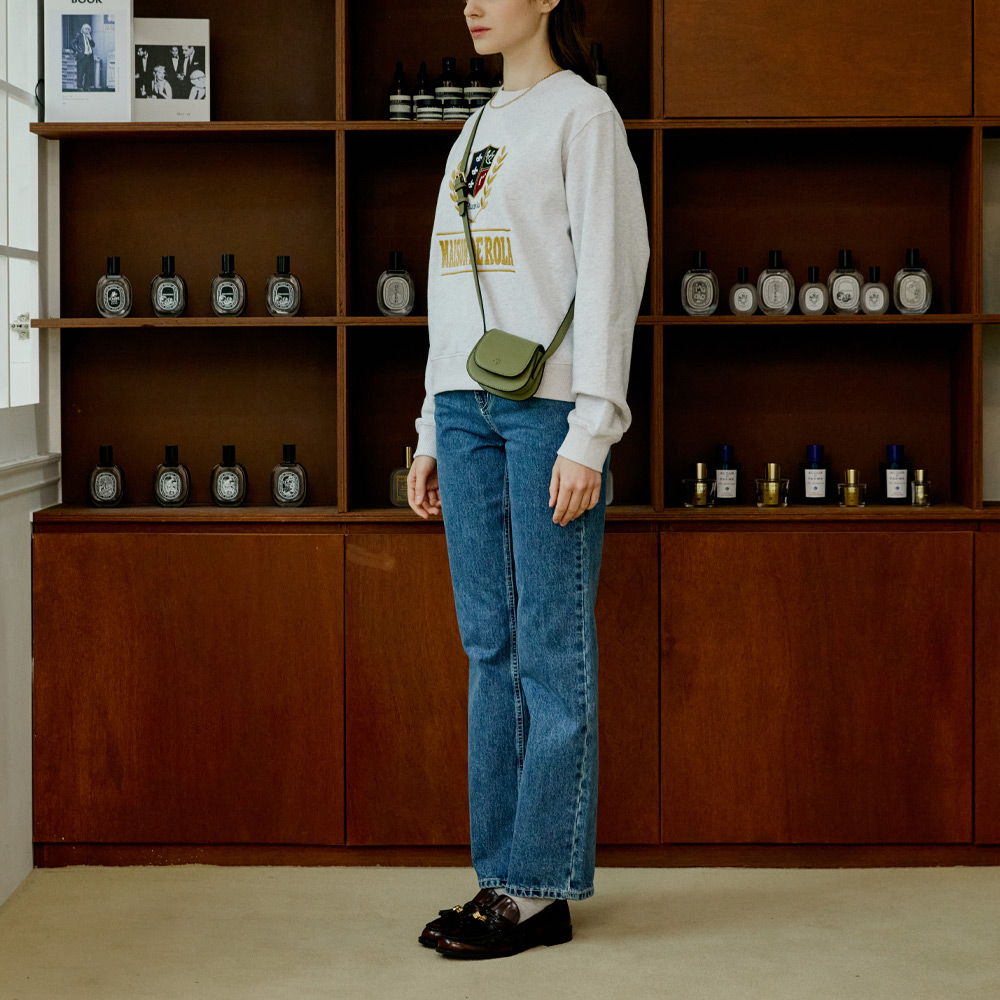 몽삭 레디 미니 마이크로 크로스백 올리브 AP12-2324-OL 마이크로백 지플립가방 여자가방 - 상세 이미지 4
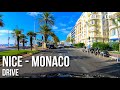 Scenic Drive From Nice City to Monaco - 🇫🇷 France - 4K Virtual Tour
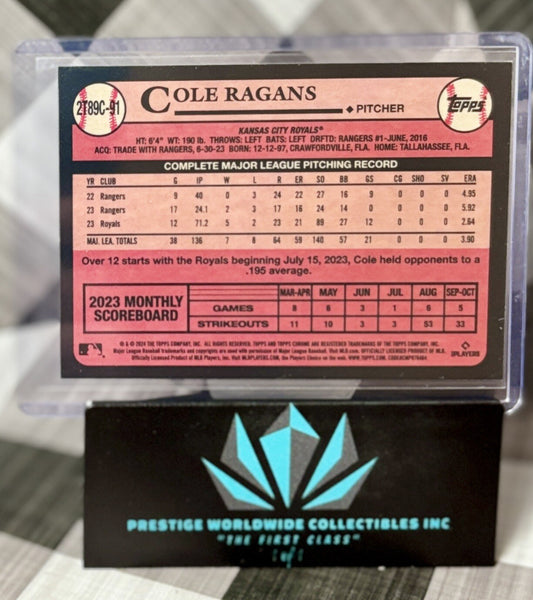Cole Ragans 2024 Topps Series 2 Silver Foil Mojo 35th Anny #2T89C-91 KC Royals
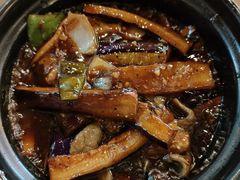 黑椒牛肉茄子-玥记茶餐厅(十字门华发商都一期绸带店)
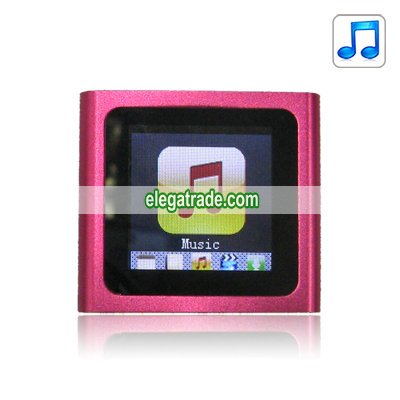 2.0-inch Screen MP4 Player - 4G (Rose)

Work instructions: Omit each picture, then return all of the listing exactly as it stands.

Answer for the task:
 몽삭 레디 미니 마이크로 크로스백 올리브 AP12-2324-OL 마이크로백 지플립가방 여자가방 - 상세 이미지 4
 Scenic Drive From Nice City to Monaco - 🇫🇷 France - 4K Virtual Tour
Cole Ragans 2024 Topps Series 2 Silver Foil Mojo 35th Anny #2T89C-91 KC Royals
 黑椒牛肉茄子-玥记茶餐厅(十字门华发商都一期绸带店)
 2.0-inch Screen MP4 Player - 4G (Rose)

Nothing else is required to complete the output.